Installing a Transmission Cooler


To install a transmission cooler you will need only simple hand tools and the cooler itself. There are a number of them out there but one several of us have used fits nicely and works well. It's a B&M 19,000 GVW unit and you can purchase it at many speed shops or through mail order from Jegs or Summit Racing.

Most of the kits supply the fittings, however you may have to adapt the fittings to your needs. Most of the supplied fittings are 5/16" fittings, but on the GP you'll need 5/8" fittings. Take care of this adaptation in advance or you won't be driving the vehicle anywhere.

Optional: When installing the cooler, some believe it is also good to switch to synthetic transmission fluid and change the filter. Some of us use Red Line ATF (Dexron III equivalent) for this purpose. It is supposed to keep your transmission cooler and operating better than standard fluid, but will run you about $8 per quart (and you'll need 8 or 9 quarts) so it can be a bit expensive. Since you'll have the car up anyway, this is a good time to do this upgrade. See the Helm's manual for more details on changing the fluid.

The Upgrade:

You will need to jack the front end up or put it up on ramps. Either way, make sure it is secure. You will be crawling under it, and you definitely don't want your GP to fall on you! Make sure it's nice and high so you can work comfortably.

To begin, remove the lower air dam at the base of the radiator. This is held on with about 6-8 bolts that are right on the bottom and easy to see.

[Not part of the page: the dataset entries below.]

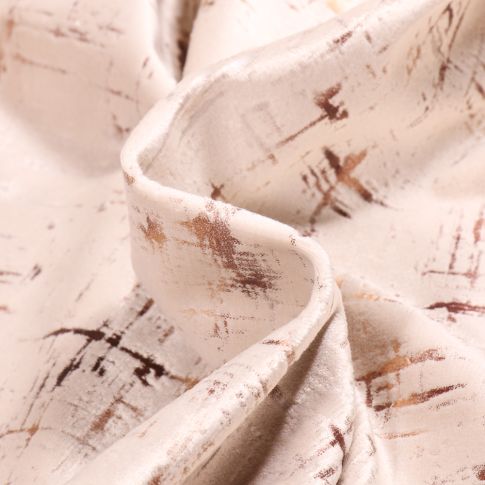 Tissu Velours d'ameublement Astral sur fond Ecru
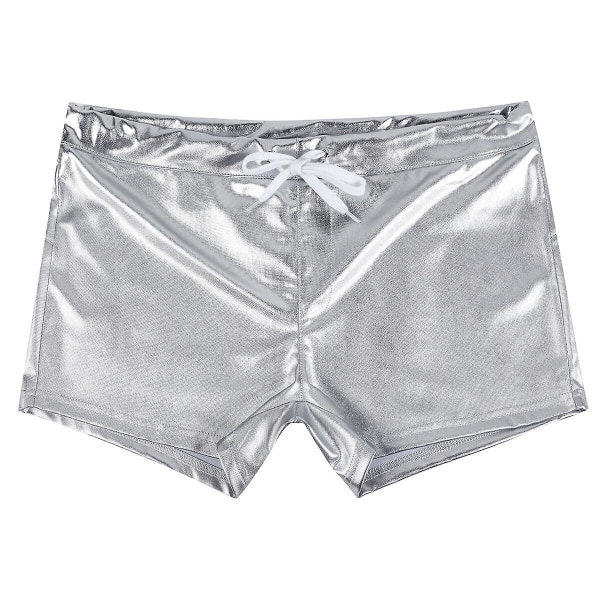 Sliktaa Herrshorts i skinande skinn Silver 2XL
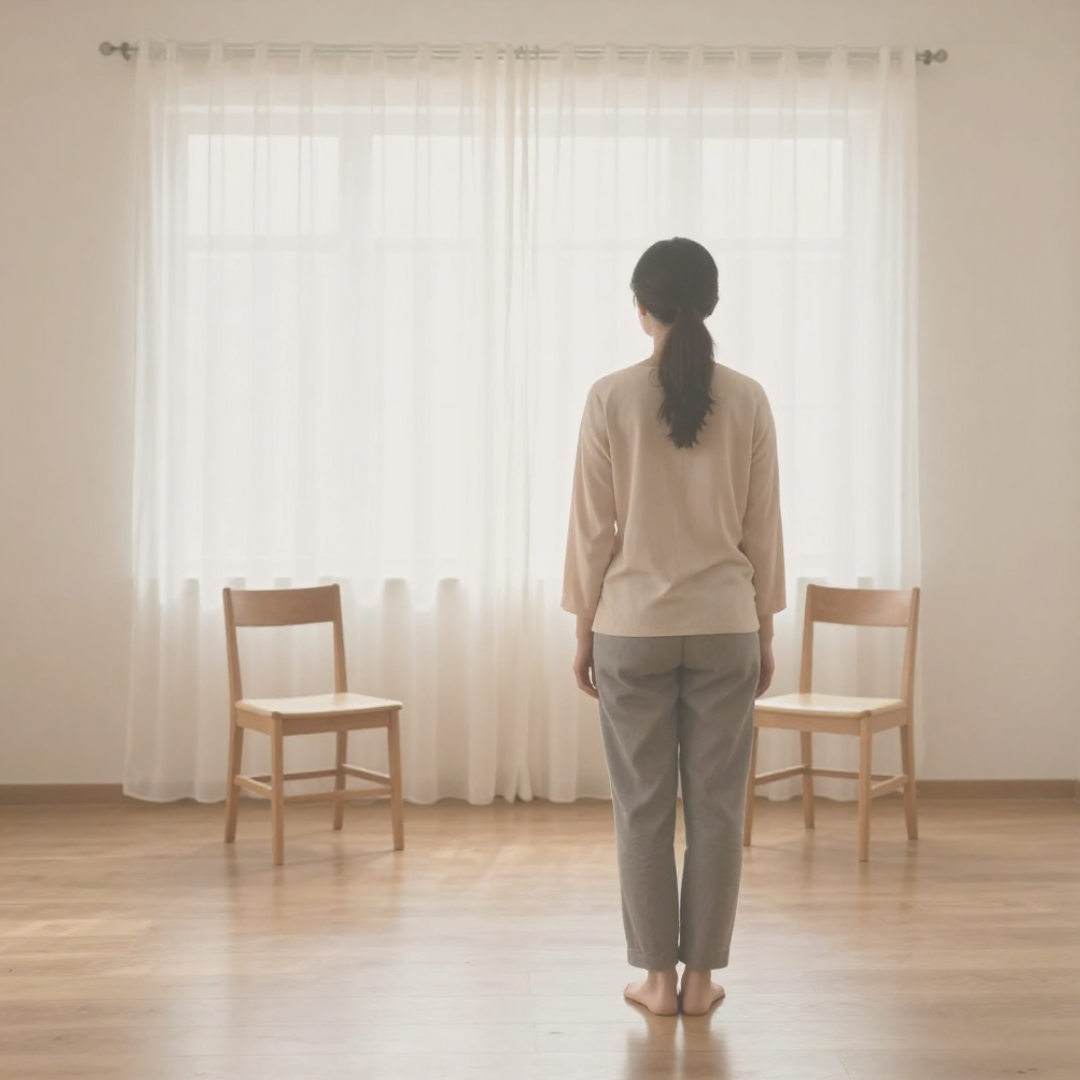 Vrouw in opstellingsruimte kijkt naar twee stoelen, als beeld voor keuze, plek en beweging in een systemische opstelling.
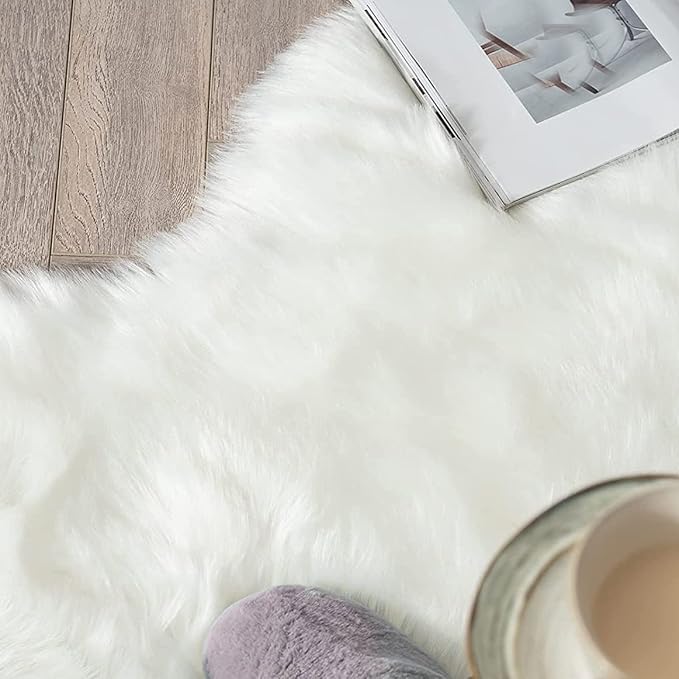 ORINOVA White Shag Rugs for Living Room 9x12 Area Rugs for Bedroom Large Washable Furry Faux Sheepskin Fluffy Fur Rug for Nursery Rectangle Rug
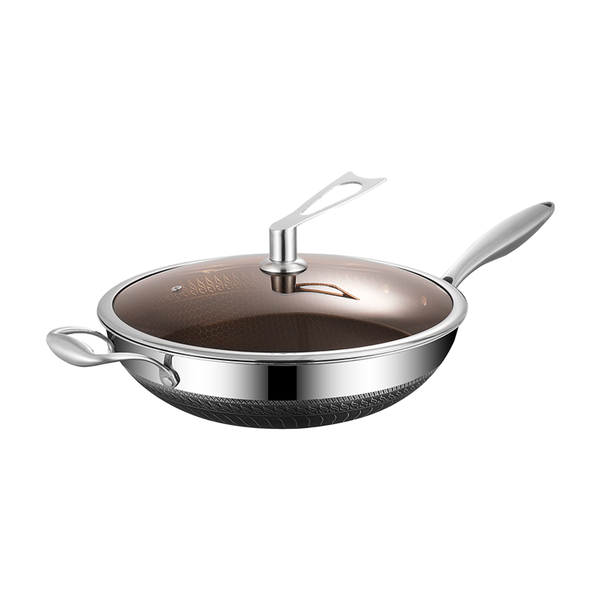 Russell Taylors 316 Stainless Steel Non Stick HoneyComb Wok with Lid (34CM)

Decide which location you would like to use to tap into the fluid lines. They run from the transmission to the right (passenger) side of the radiator. The return line runs from the top of the radiator to the pan and the supply runs from the transmission housing to bottom of the radiator. The bottom of the transmission has the two lines coming out from it, and the lines are as shown in the following picture (click for a larger view):

Here's a view of the same lines, this time looking at them from above the car in-between the radiator and the engine (click for larger view):

It is normally preferable to have the external cooler plumbed in series with the return line. This provides the most efficient cooling by about 5%. However, the port at the top of the radiator where the return line exits is kind of a tight squeeze to work with, so you can tap into it at the transmission but this requires running longer fluid lines back to the radiator area (some of us have done this with no problems). If you plan to do this, you may tap directly into the existing connection near the radiator as shown in the following photo (click for larger view). In the photo, notice that I cut off the existing hose and attached the hose to be connected to the cooler instead. In the picture you can also see the attachment I made in the other line.

Alternatively, plumb into the supply line. It has slightly less cooling efficiency but simplifies the installation a little bit (no picture available).

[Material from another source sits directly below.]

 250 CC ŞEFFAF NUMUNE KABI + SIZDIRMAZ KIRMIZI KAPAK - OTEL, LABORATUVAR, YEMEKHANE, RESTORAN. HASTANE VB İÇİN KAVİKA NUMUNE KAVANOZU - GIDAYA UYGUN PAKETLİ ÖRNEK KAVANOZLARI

Remove the appropriate lines and hook up the fittings. Be sure to seal any non-flare fittings or they might leak.

Mount the cooler low on the front of the radiator using the supplied fasteners (preferably to the side you are planning on running the lines to) as shown in the photo below (click for larger view):

Run the lines from the fittings to the cooler. Be sure the are not hanging down or rubbing on an edge surface.

Before you install the air dam, you might need to trim it a bit to allow clearance for the lines. Re-install the air dam.
Crank it and allow pressure to build. Check for leaks at every point in the fluid flow. If there are leaks, shut off the vehicle and fix them. Otherwise take the car for a spin and heat up the fluid, (which should take about 10 minutes). Come back and check for leaks again, and repair if necessary.